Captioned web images
◇ ◇ ◇ ◇ ◇

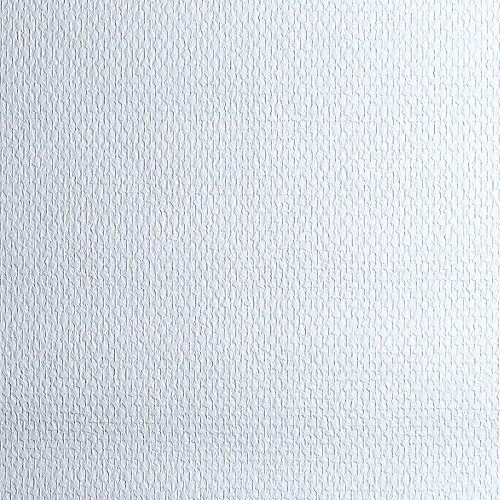 Preisvergleich Produktbild ERFURT Vliesfaser Tapete Classic 4329 Gewebe grob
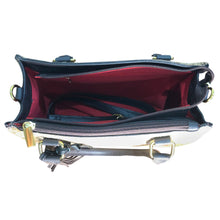 Load image into Gallery viewer, Tumbleweed Natural Cowhide Handbag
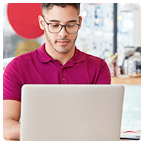 AI Humanizer for business owners to create engaging website copy.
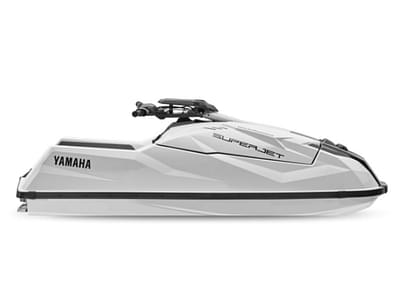 BOATZON | Yamaha WaveRunners SuperJet 2023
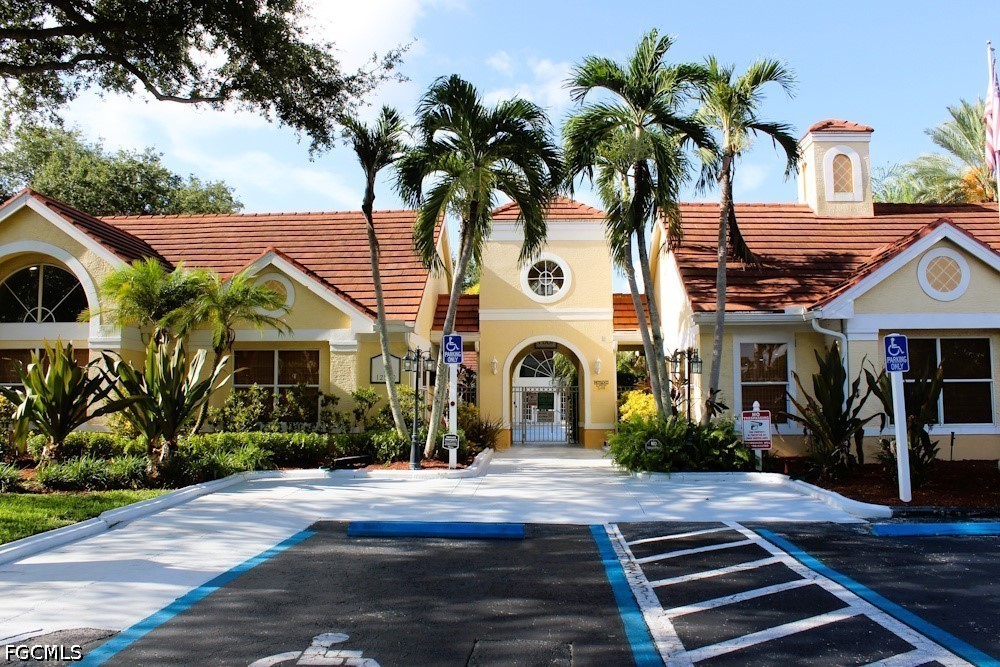 2 Bed Condominium for Sale in Venetian Palms, FL, $1,450 — photo 15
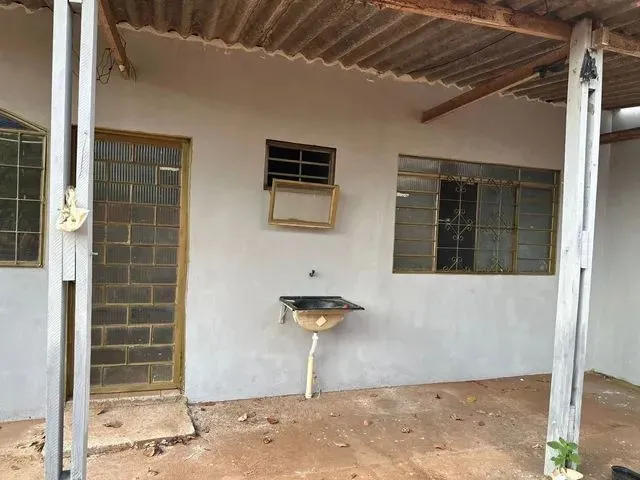 Imagem 5: Alugo Kitinete, Sala e Quarto no Tijuca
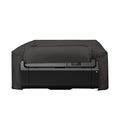 kwmobile Cover compatible with Canon PIXMA PRO-200 - Bag Case Printer - Dust Cover Protective Hood Protective Sleeve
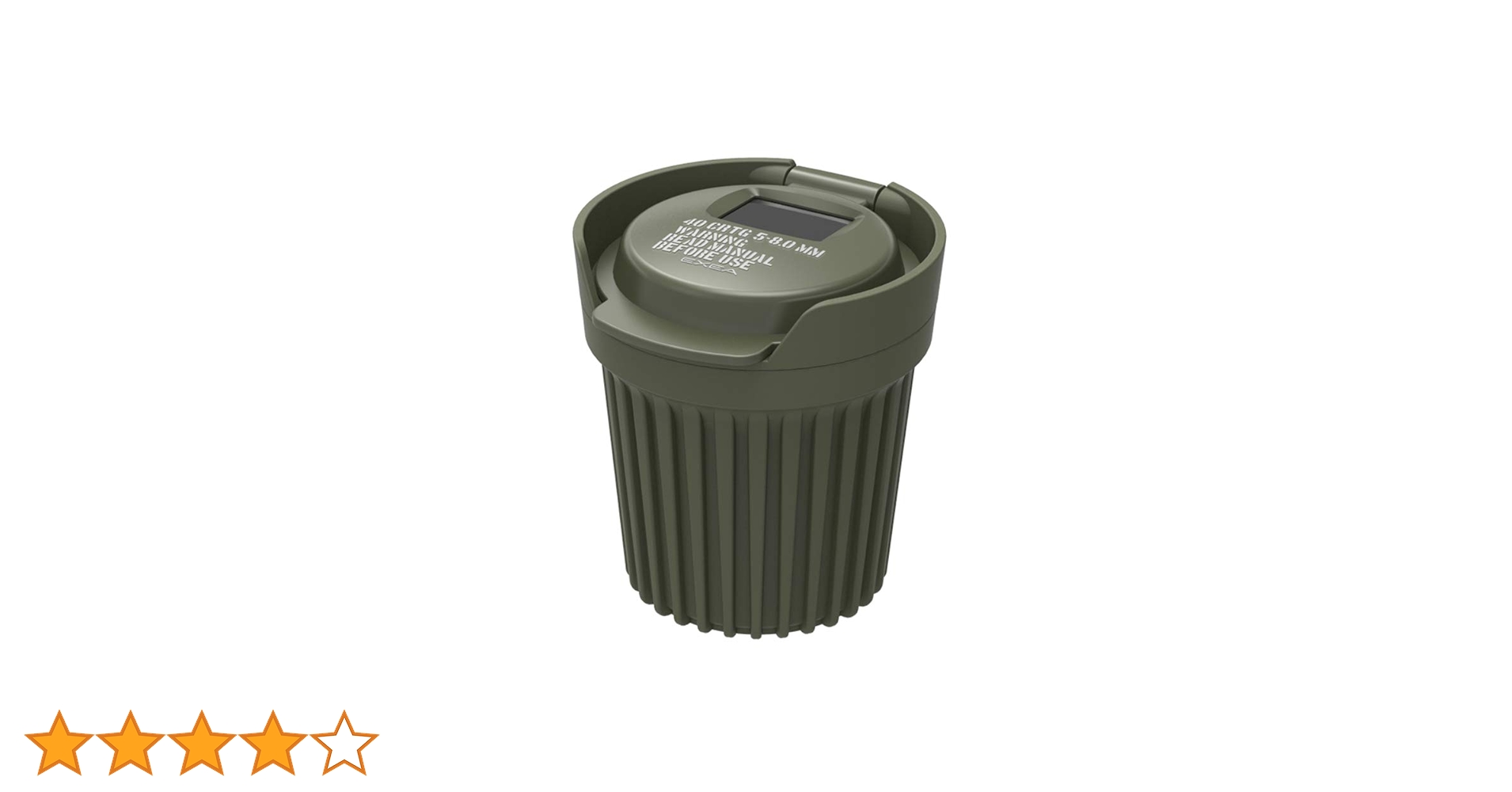 緑青付き　記念灰皿　18k 日々の暮らし | 緑釉行灯皿 6寸 | 瀬戸本業窯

◇ ◇ ◇ ◇ ◇

WHAT YOU WILL DO: Exactly the lines from the line that contains "Imagem 5: Alugo" through the last line above, and no other lines, must be output, with pictures excluded.

TASK RESULT:
 Imagem 5: Alugo Kitinete, Sala e Quarto no Tijuca
 kwmobile Cover compatible with Canon PIXMA PRO-200 - Bag Case Printer - Dust Cover Protective Hood Protective Sleeve
 緑青付き　記念灰皿　18k 日々の暮らし | 緑釉行灯皿 6寸 | 瀬戸本業窯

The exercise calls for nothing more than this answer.